I think there are several ways to speed up reading. The current bottleneck of CSV reading is not in tokenization but in parsing. TableReader.jl parses independent columns one by one but this is obviously parallelizable (vertical parallelization). Or, first count the number of lines in a buffered chunk and then split it into smaller mini chunks for parallel tokenization and parsing (horizontal parallelization). I’ve not tried both yet, but I think these are feasible if Julia supports more sophisticated multithreading.

Of course full specialization will result in faster code, but the compilation will slow it down!

Full specialization for a data scheme and a set of parser parameters may improve the performance. However, I think the effect would be modest because modern CPUs are enough smart to lessen the harm of unnecessary code blocks thanks to branch prediction and so on.

2 Likes

Have you considered horizontal parallelism with a heuristic for synchronizing rows independently between chunks rather than a non parallel pre-scan? This might sound crazy, but I’ve had great success with this on binary stream data in the past.

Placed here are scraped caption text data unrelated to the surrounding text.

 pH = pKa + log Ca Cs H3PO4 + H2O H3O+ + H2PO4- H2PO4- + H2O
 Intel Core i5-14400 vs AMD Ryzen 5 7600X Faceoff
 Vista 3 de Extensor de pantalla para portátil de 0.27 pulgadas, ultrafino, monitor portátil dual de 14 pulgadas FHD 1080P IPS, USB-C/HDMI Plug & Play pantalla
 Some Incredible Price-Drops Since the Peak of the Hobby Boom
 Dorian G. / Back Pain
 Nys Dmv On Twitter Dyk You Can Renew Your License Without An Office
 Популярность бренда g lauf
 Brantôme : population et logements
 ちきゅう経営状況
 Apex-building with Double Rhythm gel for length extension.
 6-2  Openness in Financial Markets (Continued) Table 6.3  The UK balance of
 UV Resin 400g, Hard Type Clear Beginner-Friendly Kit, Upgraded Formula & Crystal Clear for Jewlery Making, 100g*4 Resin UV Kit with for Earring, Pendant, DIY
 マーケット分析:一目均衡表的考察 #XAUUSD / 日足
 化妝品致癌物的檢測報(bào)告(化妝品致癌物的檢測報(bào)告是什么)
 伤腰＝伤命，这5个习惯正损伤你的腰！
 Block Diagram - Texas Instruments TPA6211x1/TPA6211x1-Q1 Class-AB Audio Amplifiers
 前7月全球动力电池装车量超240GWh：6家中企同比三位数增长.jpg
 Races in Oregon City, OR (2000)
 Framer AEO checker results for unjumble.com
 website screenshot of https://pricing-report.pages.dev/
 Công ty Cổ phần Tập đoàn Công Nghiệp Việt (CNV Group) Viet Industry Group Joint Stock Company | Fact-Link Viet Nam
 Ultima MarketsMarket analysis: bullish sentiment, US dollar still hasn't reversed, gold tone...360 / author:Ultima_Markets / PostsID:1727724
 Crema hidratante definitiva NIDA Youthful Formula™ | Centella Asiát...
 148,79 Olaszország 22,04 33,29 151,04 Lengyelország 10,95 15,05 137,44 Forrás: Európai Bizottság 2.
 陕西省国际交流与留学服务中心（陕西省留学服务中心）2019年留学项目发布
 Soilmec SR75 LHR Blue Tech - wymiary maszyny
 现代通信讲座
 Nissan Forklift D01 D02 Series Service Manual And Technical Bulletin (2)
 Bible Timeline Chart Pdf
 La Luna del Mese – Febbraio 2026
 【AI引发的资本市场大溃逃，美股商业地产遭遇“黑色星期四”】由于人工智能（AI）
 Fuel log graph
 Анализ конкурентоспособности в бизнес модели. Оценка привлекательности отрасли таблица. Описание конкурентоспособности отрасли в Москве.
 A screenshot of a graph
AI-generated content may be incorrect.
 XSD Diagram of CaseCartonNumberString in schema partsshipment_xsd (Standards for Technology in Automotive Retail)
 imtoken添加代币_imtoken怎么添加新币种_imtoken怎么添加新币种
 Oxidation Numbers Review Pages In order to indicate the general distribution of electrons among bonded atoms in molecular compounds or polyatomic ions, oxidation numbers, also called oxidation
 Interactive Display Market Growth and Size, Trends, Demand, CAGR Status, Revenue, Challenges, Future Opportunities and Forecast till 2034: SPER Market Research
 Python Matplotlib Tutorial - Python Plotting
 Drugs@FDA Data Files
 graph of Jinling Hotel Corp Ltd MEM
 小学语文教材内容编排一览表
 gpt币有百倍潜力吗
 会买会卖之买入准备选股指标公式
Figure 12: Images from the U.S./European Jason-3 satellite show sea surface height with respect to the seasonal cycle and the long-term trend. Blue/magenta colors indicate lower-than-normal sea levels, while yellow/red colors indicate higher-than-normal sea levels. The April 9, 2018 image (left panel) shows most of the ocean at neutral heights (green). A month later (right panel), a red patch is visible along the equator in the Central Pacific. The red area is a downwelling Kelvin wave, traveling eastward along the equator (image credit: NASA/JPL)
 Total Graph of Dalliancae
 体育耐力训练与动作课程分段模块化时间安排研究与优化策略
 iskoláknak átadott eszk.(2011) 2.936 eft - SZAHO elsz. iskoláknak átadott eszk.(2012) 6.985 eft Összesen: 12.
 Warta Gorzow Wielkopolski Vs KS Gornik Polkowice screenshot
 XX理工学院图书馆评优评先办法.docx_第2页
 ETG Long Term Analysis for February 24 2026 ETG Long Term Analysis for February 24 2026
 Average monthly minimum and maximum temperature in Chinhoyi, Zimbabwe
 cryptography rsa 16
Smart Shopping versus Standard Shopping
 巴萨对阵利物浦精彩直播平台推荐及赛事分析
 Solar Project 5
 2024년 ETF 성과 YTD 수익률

The idea is that a worker task can read a chunk of character data from the middle of the file (independent of all other tasks), use a heuristic to synchronize the character stream with the record (ie, row) boundaries, and continue tokenizing / parsing from there.

Copying data from chunked outputs into the result arrays can be done in parallel as well, so there’s almost zero synchronization or serial processing involved.

The obvious downside is that you need code to save where the record boundaries were inferred for each chunk, check that they match between chunks and have a consistent fallback code path for difficult cases. As long as the heuristic works with high probability this isn’t a performance issue on average, but it’s potentially a fiddly and annoying code path to maintain. To get the most out of the parallelism you also need any compressed input stream to be seekable which generally requires extra complexity (for example gzip->dictzip).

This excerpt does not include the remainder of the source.